From: A proposed Labour-Green-Mana(-NZ First?) agenda – part tahi

Income inequalities and social inequalities are interconnected. “Neoliberal” discourse attempts to sever this connection, making the focus on the economy all that matters.  Sometimes left-wing analysis and campaigns also repeat this fracturing.  The left will become stronger if the inter-relationship between social and economic inequalities is acknowledged.  One of the more important aspects of such an acknowledgement is the strengthening of left wing networks: networks that include people and organisations involved in campaigning for social, cultural and economic justice.

The latest rounds in the struggles against both rape culture, and the economics of rape crisis funding, show how “neoliberalism” has weakened and fractured the broader left since the 1980s.

What to make of the latest crime stats? NZ’s recorded crime is going down.  Nevertheless, crimes likely to be committed by people under severe financial stress, remained the same or even increased slightly: crimes such as theft, property damage and burglary.

Furthermore, sexual offenses increased by 11.6% in the year ended December 2013. Meanwhile Rape Crisis centers are struggling to get adequate funding.  Tessa Johnstone on Stuff reports today:

Rape crisis centres are struggling under the weight of increased demand for services and a dwindling pool of funding.

Survivors of sexual violence and agencies supporting victims and offenders spoke at a parliamentary inquiry into funding of specialist sexual violence services yesterday.

Wellington Rape Crisis manager Eleanor Butterworth estimated that about 20 per cent of their staff hours were spent on completing funding applications and reports, but despite their efforts the agency is running on a deficit of up to $100,000 every year.

Rape Crisis Centres are one of the practical outcomes of second wave feminist campaigns.  The subsequent history of their struggles, as seen in New Zealand flies in the face of some of the atatcks made from the left on feminism.  It is sometimes claimed that “identity politics” (meaning especially feminism and the politics of gender and sexuality) is a middle class women’s thing that has served to weaken the left.  It has been claimed that politics like that of those campaigning against rape culture is a tool of the neoliberal right, and one that gained ascendency with the rise of Rogernonmiccs.

Sometimes also, it has been claimed that a focus on “culture” and social processes is a diversion from the “real” economic struggle – against poverty etc.  However, feminism generally also came under attack during the impact of the “1980s “neoliberal revolution”.  This can be seen in the specific ways that anti- rape campaigns and rape crisis centres came under attack.

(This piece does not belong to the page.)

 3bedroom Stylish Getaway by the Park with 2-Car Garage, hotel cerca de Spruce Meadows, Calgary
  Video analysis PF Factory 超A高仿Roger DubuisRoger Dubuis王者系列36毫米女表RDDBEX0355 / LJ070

In January this year, Kirsty Johnston wrote on Stuff about initiatives to dispel rape myths. In the course of the article she wrote about the struggles of groups doing rape prevention and crisis work:

The money issues began at the end of the 1980s, when funding was redirected from prevention into frontline services, and then began to dry up altogether. In 1991, the national Rape Crisis office closed.

So the 1980s was when the attacks on funding severely weakend the initiatives to prevent and respond to rape came under severe attack.  In doing this the inter-twined economic/financial aspects of rape and the cultural and social elements were fractured.

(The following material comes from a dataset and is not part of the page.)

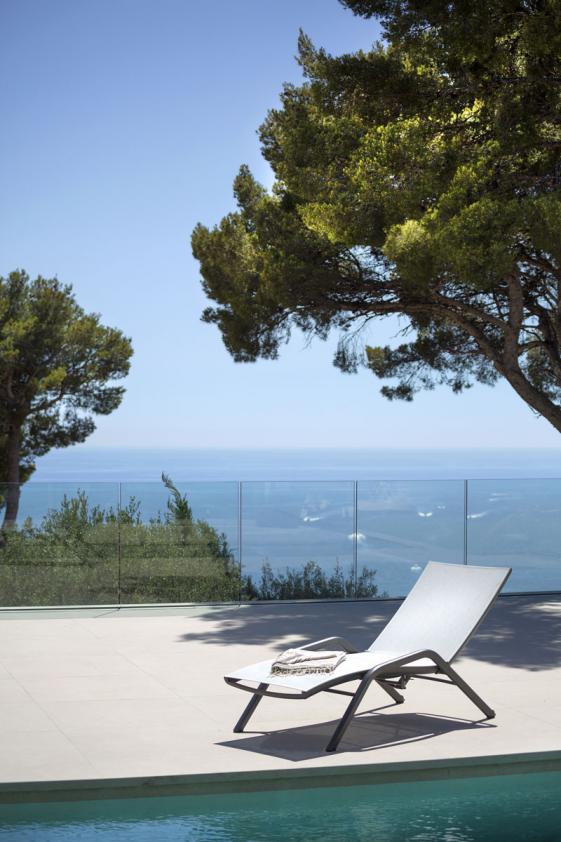 Bain de soleil Amaka, Les Jardins 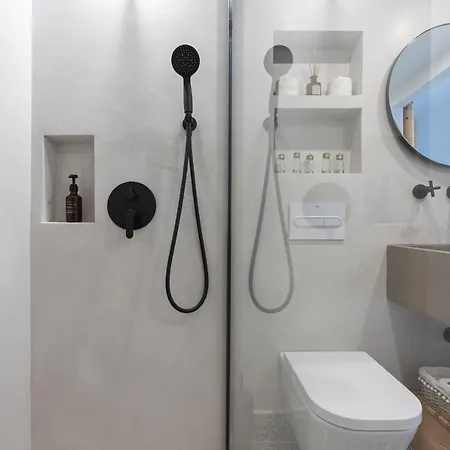 Pharus: Retro Apartment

The cultural aspects are summed up with this explanation of rape culture by Pamela R Fletcher (2010):

we define a rape culture as “a complex of beliefs that encourage male sexual aggression and supports violence against women [and girls], a society where violence is seen as sexy and sexuality as violent, and a continuum of threatened violence that ranges from sexual remarks to sexual touching to rape itself. A rape culture condones physical and emotional terrorism against women [and girls] and presents it as the norm” (Buchwald, Fletcher, and Roth 2005, XI). The physical and emotional terror that stems from sexual violence, while often deemed as terrible, is usually dismissed as individual misfortune rather than understood as a cultural phenomenon.

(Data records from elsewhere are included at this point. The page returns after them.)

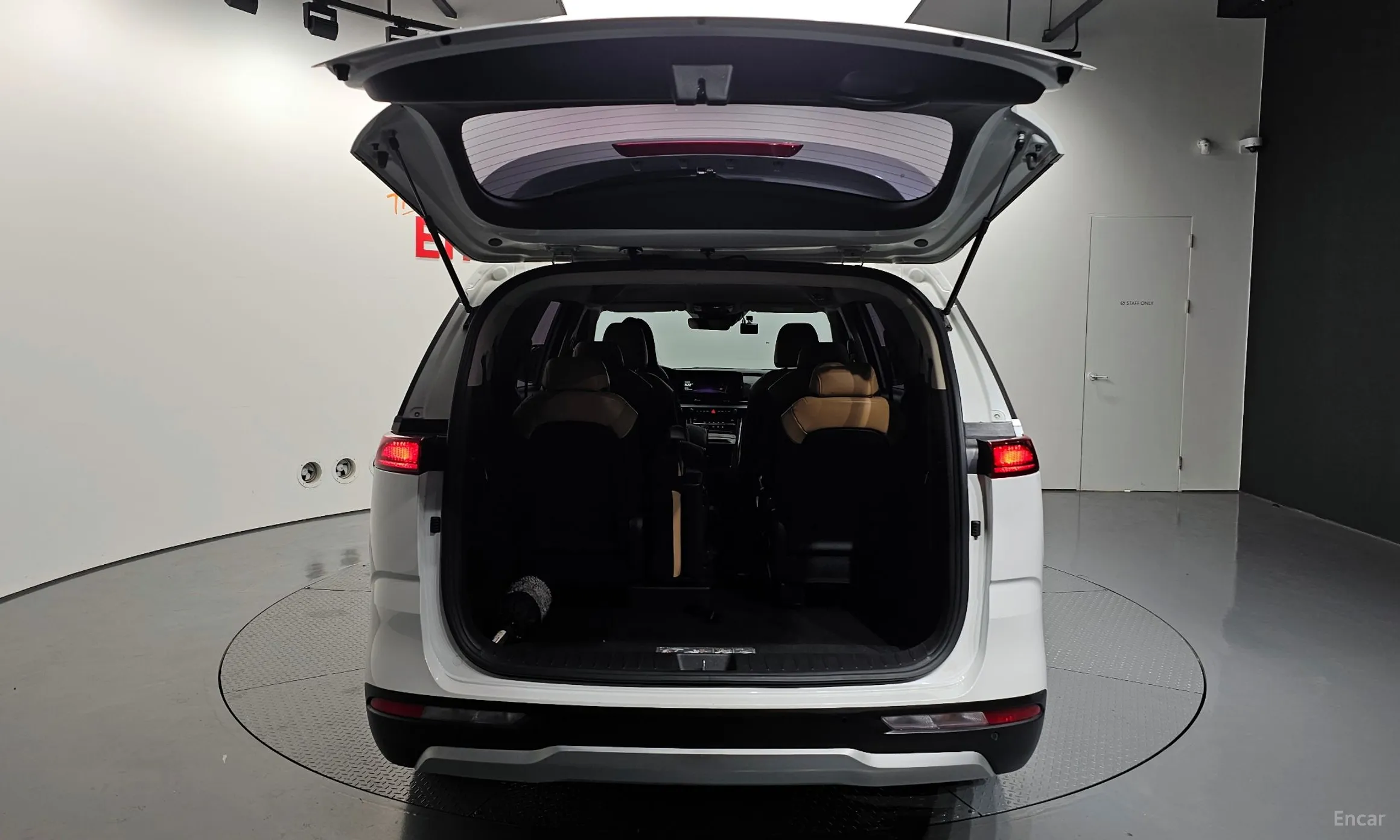 Kia Carnival Gen 4 превью 20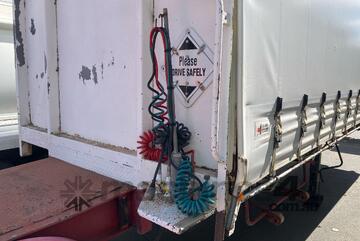 1998 Krueger ST-3-38 Tri Axle Curtainside A Trailer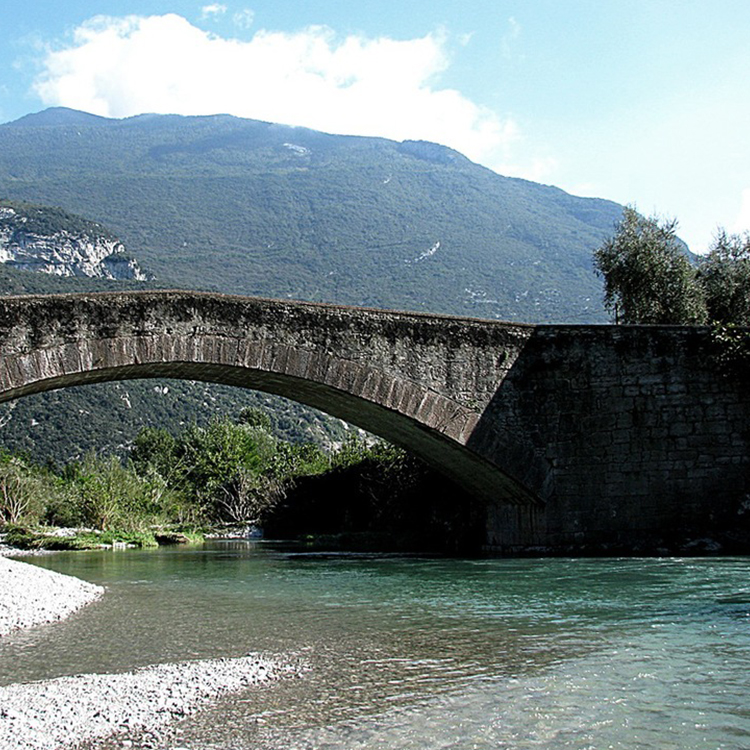 Hotel Luise - Luoghi segreti - Il Ponte Romano di Ceniga è un luogo che chi soggiorna nel Garda Trentino deve visitare.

“Economics” and “political economy” have never been free of patriarchal assumptions and gender biases.  Recent policies of austerity have been particularly damaging to large numbers of women:

Women disproportionately paid for the trigger of the recession, for the recession’s job losses and other social impacts, and the austerity measures that followed.

Social and income justice and fairness, supported by a sustainable, eco-friendly economy, are positive aims for the left to unite around: for diverse groups and campaigns to be working towards, while ending the damaging era of “Rogernomics”.

Vote left in this year’s election – tell it to all those you know in your networks.